God, the Universe and the Individual:
These considerations lead us to the problem of the relation of God, the universe and the individual. It must be remembered at the outset that all processes of reasoning proceed from experience-experience of the individual self. 'I am'-this experience does not require any other proof outside itself. It is self-evident. All proofs are the results of and developments from this indubitable fact. The consciousness of my existence as an individual at once brings into my notion the existence of other individuals in an external universe. 'I am' means 'you also are', i.e., 'the world also is'. The being of the world is the correlative of the existence of my individuality. There cannot be a subject without an object of experience. The world is the necessary implication of the individual.

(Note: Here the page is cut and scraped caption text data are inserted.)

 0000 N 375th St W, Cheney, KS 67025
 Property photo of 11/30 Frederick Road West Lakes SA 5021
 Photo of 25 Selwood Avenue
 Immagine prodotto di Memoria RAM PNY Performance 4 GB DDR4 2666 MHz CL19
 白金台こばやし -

But the position, as it is known to us, of the individual and the world does not explain all matters that arise out of this position. Thinking beings, capable of reflection, become eager to know the relation between the world and the individual. What is the cause of this world? How am I connected with the other things of the world? What is my duty here? Questions of this kind crop up in the minds of several persons. And these questions cannot be answered by anything that is the content of sense-experience. But the need for a solution of the difficulties that arise out of the appearance of the world and the individual is stringent. The solution can be arrived at by higher synthesis brought about through the deeper consciousness implied in ordinary experience, the consciousness which becomes the direct experiencer in such higher contemplations.
The link between the world and the individual should be either of the nature of the object or of the subject. The objective universe is seen to be material, and if this is taken to be the nature of the relation between the world and the individual, it would be another name for another part of the universe. In other words, there would be no such thing as relation. And, at the same time, the zeal with which one identifies the universe with the experiencing consciousness should not lead one to subjective idealism; for the defects of this view have been pointed out. Somehow, we are made to feel that this relation should be conscious, and yet it cannot be identical with the subjective consciousness. The relation between two things cannot be any of these two things. It must be a third thing. Otherwise there would be no perception of difference.

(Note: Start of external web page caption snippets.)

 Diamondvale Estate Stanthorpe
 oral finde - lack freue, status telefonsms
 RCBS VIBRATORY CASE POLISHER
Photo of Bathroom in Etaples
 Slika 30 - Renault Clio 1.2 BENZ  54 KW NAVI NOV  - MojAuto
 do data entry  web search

Difference is a third category, and there cannot be knowledge of this difference without an underlying unity between the knower and the known. Absolutely unrelated things cannot become correlatives of each other. The higher synthesis which is in consciousness should therefore be transcending the empirical distinction between the subject and the object. The world and the individual should be included in this higher consciousness, and yet, none of these should lose their intrinsic worth in it. If we are able to establish this universal conscious relation between the world and the individual, we have established the existence of God. God is the necessary postulate which alone can explain the true nature of the various phenomena of the universe.
The order, the system, the regularity and harmony of the universe cannot find an adequate explanation without the admission of this all-comprehending Being, which we term God. It does not matter by what name we refer to it, but it has to be admitted in order that we may be consistent in our explanation of the consistency that is in the universe. Our deepest reality is an irrefutable consciousness, and it asserts itself in every one of our endeavours to give an account of experience, subjective or objective. Without consciousness, there can neither be a universe nor an individual. Nothing can be, if consciousness is not to be. All value and existence come to a nought when consciousness is abolished from the field of experience. Supreme Intelligence or Consciousness has to be equated with the Sovereign of the Universe-God.